39. A broadband pump, comprising: a pump laser having an output
port; and a bandwidth adding mirror connected to said output port
to generate a broadened pump spectrum.
40. The broadband pump according to claim 39, wherein said
bandwidth adding mirror comprises a Sagnac loop mirror.
41. The broadband pump according to claim 40, wherein said
bandwidth adding mirror further comprises a coupler with an unequal
ratio.
42. The broadband pump according to claim 41, wherein said coupler
has a ratio of f:(1-f), and 0.ltoreq.f.ltoreq.1.

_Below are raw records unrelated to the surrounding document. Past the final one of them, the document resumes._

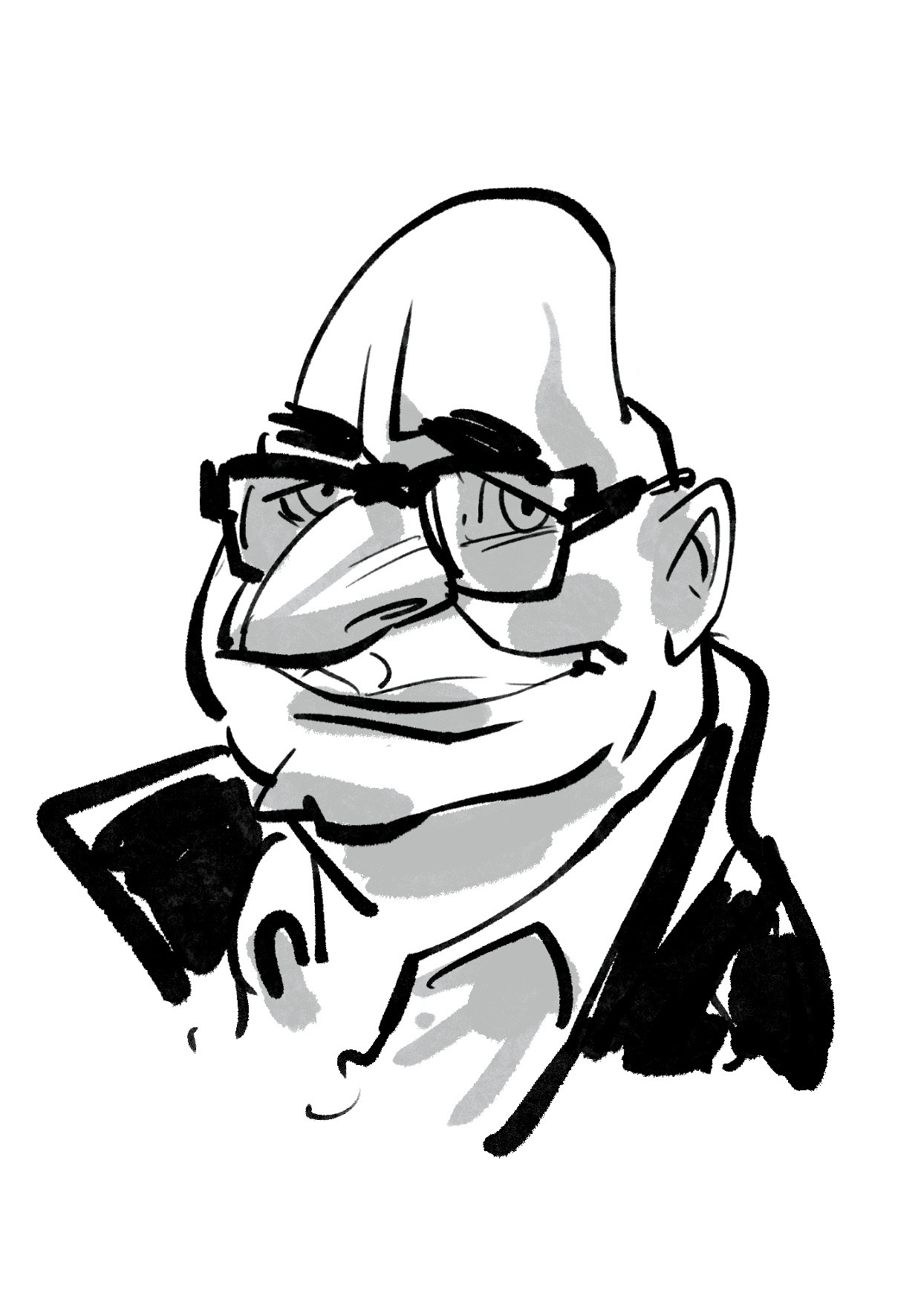 Karikatuur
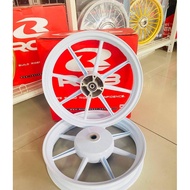 rb8 mags click125/click150 and mio sporty/soulty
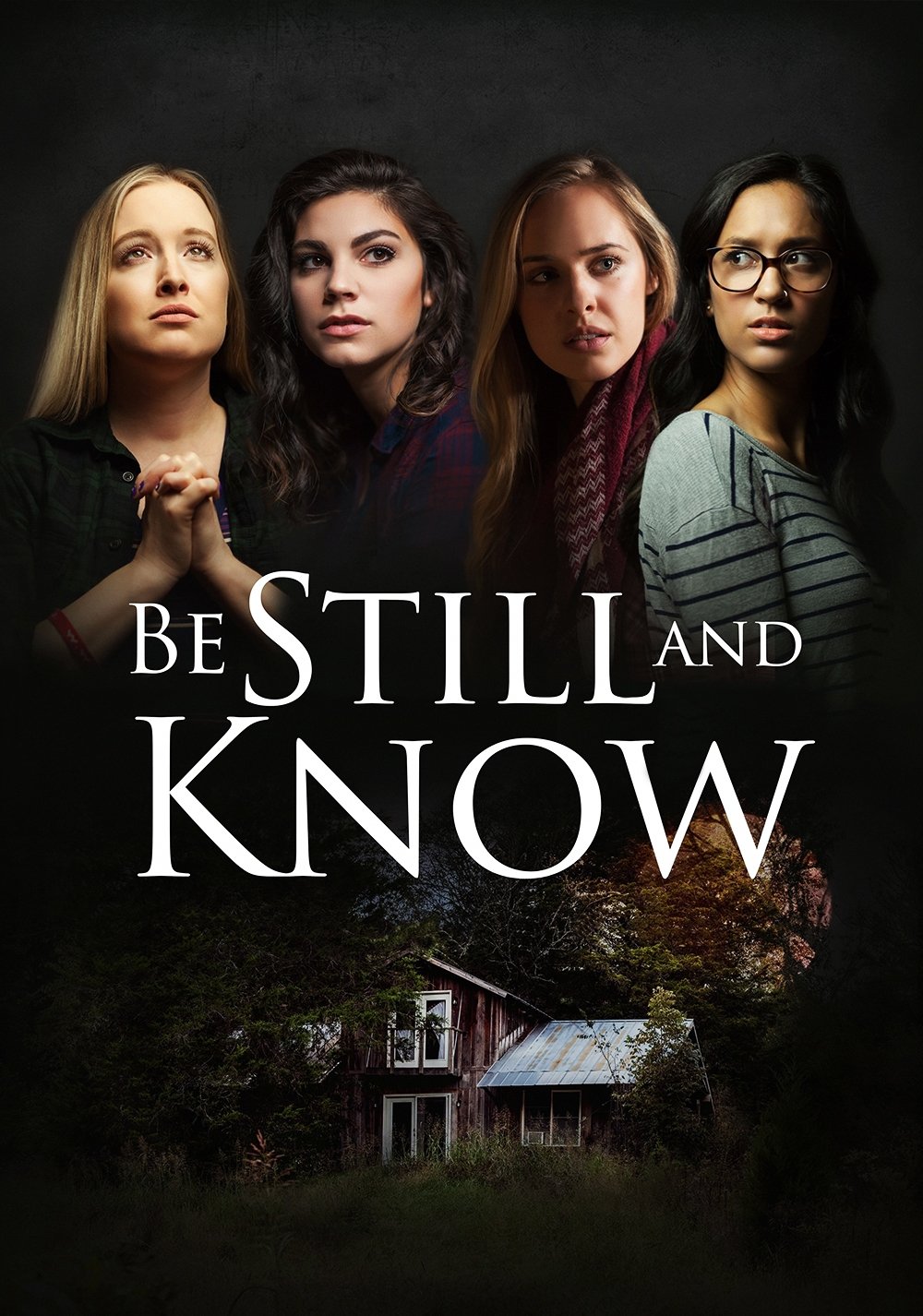 Be Still And Know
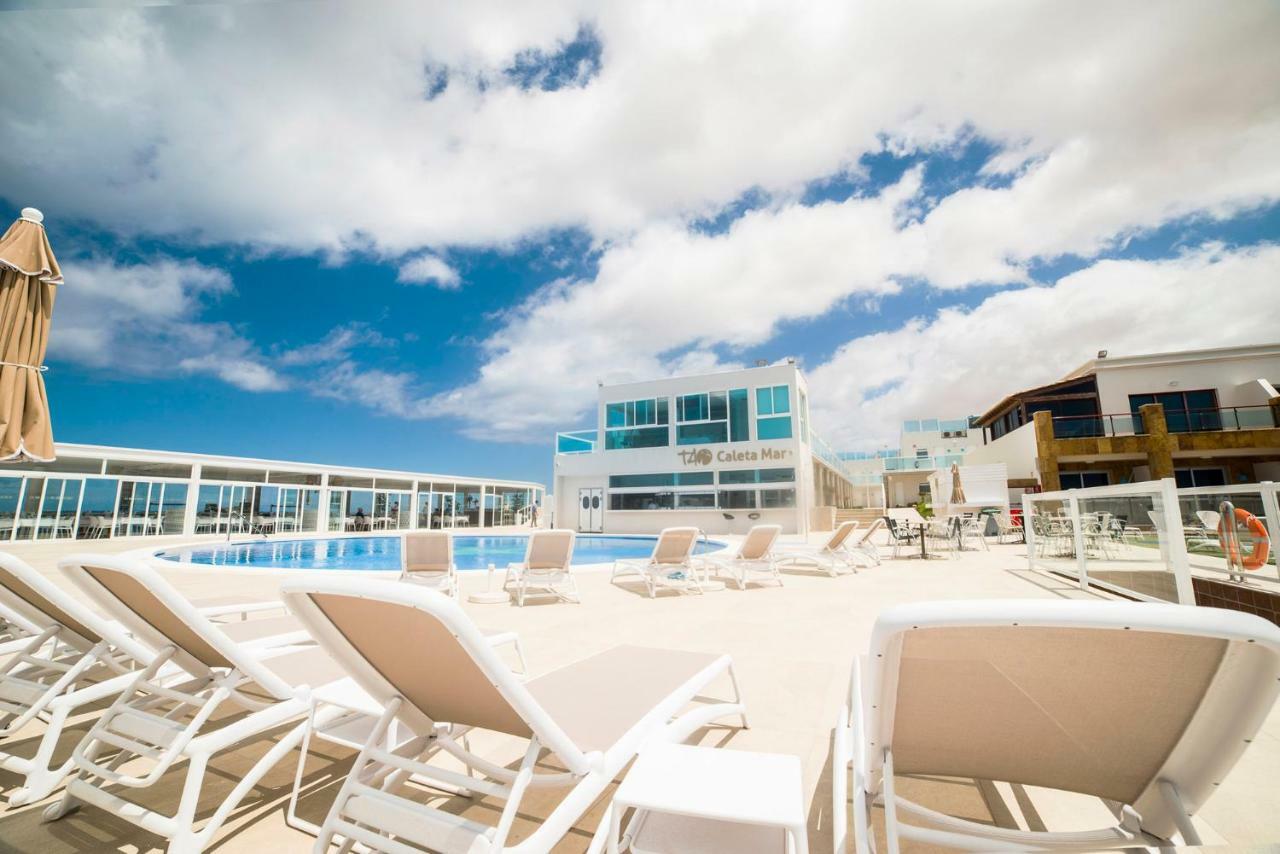 Hotel Boutique Tao Caleta Mar Corralejo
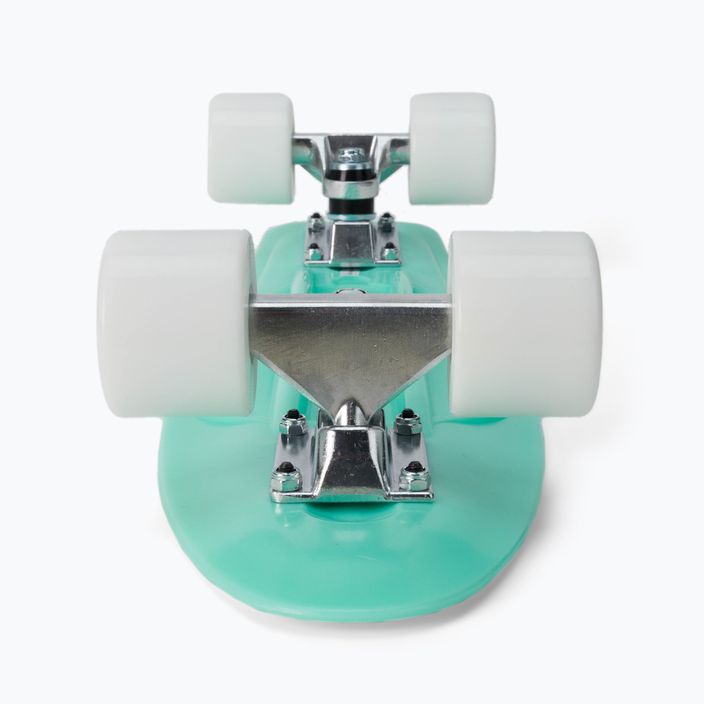 Playlife Vinylboard flip skateboard menta 5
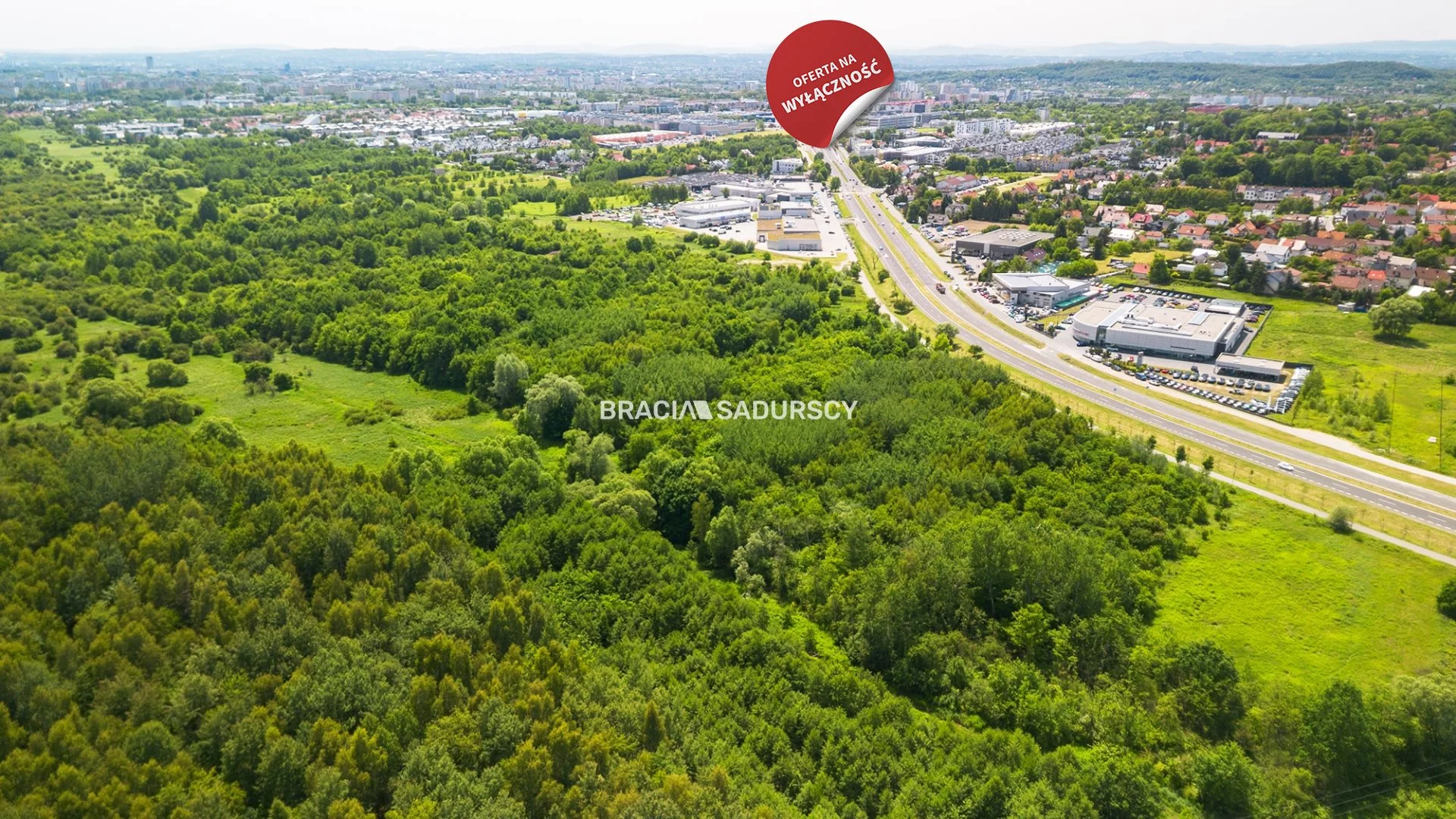 Apartamenty BS2-GS-311279 Kraków Prądnik Biały Jasnogóska
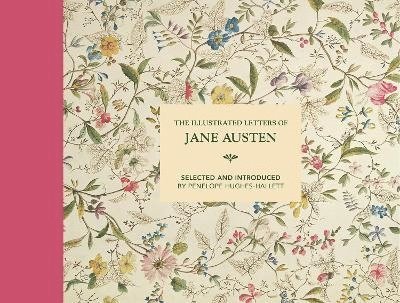The Illustrated Letters of Jane Austen 1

43. The broadband pump according to claim 40, wherein said
bandwidth adding mirror further comprises a polarization controller
located within said Sagnac loop mirror.
44. The broadband pump according to claim 40, wherein said
bandwidth adding mirror further comprises a phase modulator
asymmetrically located within said Sagnac loop mirror.
45. The broadband pump according to claim 40, wherein said
bandwidth adding mirror further comprises an amplitude modulator
asymmetrically located within said Sagnac loop mirror.
46. The broadband pump according to claim 39, wherein said pump
laser is a cladding pumped fiber laser.
47. The broadband pump according to claim 46, wherein said cladding
pumped fiber laser is driven by a modulated pump drive.
48. The broadband pump according to claim 46, wherein a mechanical
modulation is applied to said cladding pumped fiber.
49. A broadband Sagnac Raman cascade laser comprising: a first
reflector; a second reflector comprising a Sagnac loop mirror
fabricated from a distributed gain medium and a coupler connected
to two ends of said Sagnac loop mirror, said first reflector and
said second reflector forming an optical resonator therebetween; a
cladding-pumped fiber located in said optical resonator; a pumping
means for generating a pumping light to pump said cladding-pumped
fiber; and an output port for outputting an optical signal from
said distributed gain medium.
50. The broadband Sagnac Raman cascade laser according to claim 49,
wherein said coupler has a ratio of 50:50.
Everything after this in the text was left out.